== EXCERPTED RECORDS ==

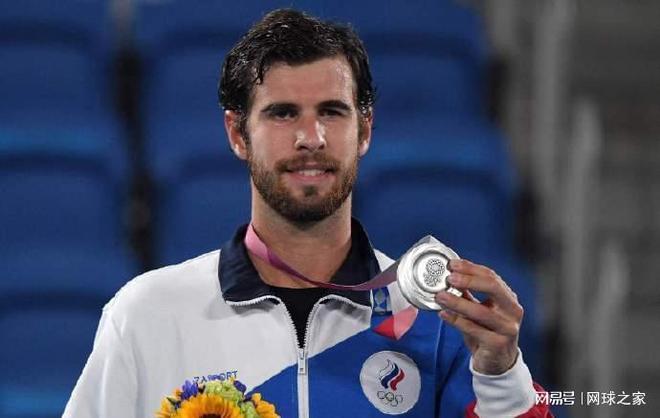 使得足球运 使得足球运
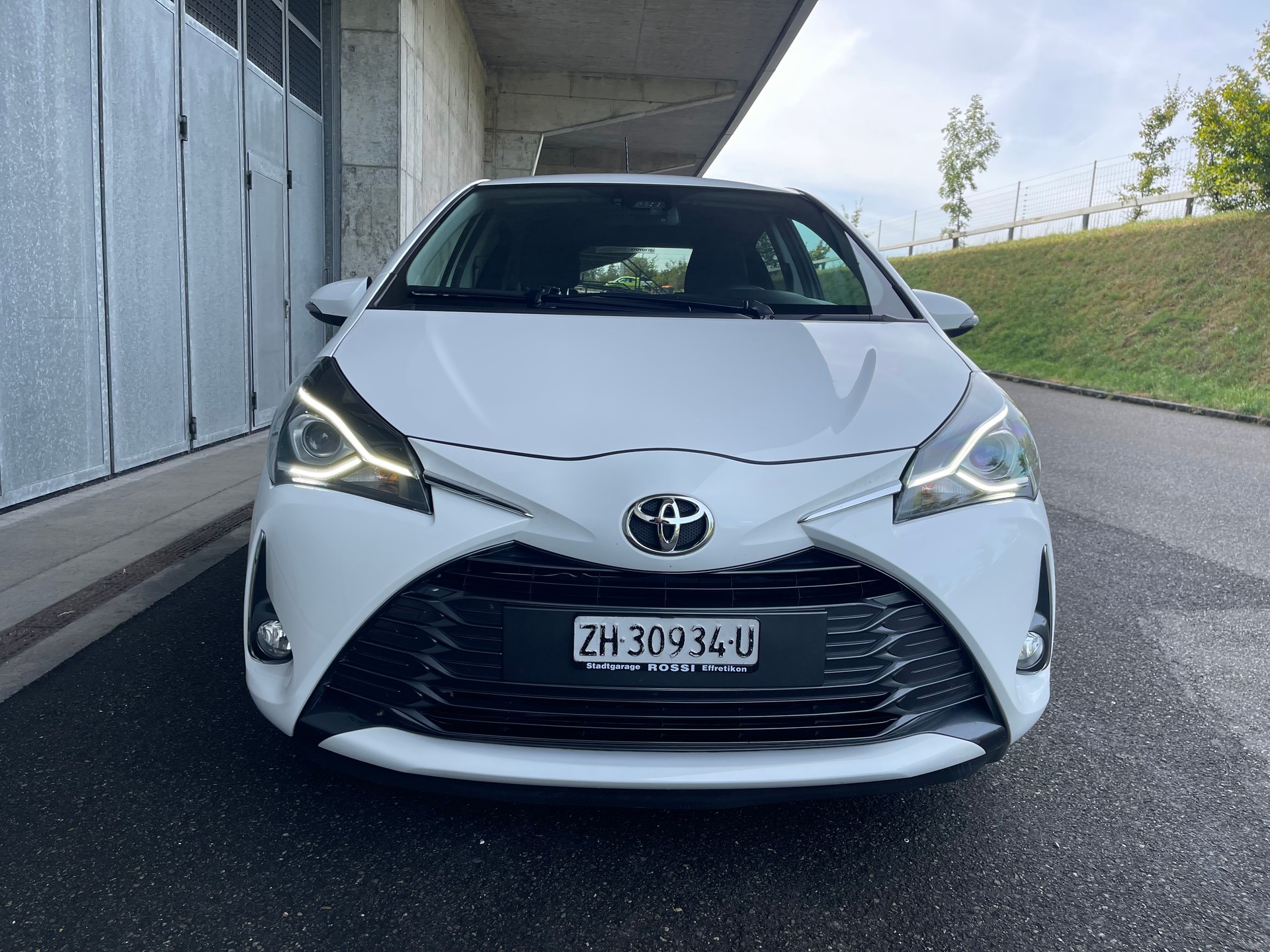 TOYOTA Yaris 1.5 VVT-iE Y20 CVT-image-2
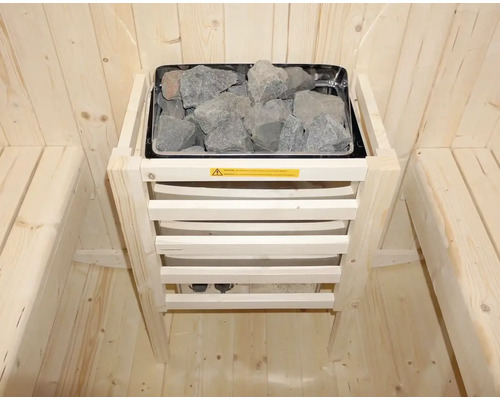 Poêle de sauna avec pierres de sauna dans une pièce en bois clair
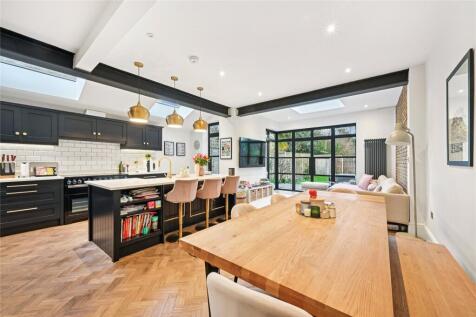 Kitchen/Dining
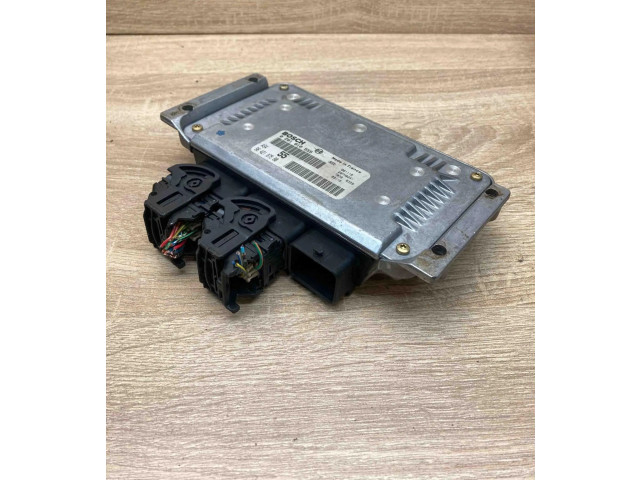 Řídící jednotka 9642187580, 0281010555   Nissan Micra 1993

===

▶ [YOUR OBJECTIVE]: Could you give the listing again exactly as it stands, minus any pictures?

▶ [TASK RESPONSE]:
 使得足球运 使得足球运
 TOYOTA Yaris 1.5 VVT-iE Y20 CVT-image-2
 Poêle de sauna avec pierres de sauna dans une pièce en bois clair
 Kitchen/Dining
 Řídící jednotka 9642187580, 0281010555   Nissan Micra 1993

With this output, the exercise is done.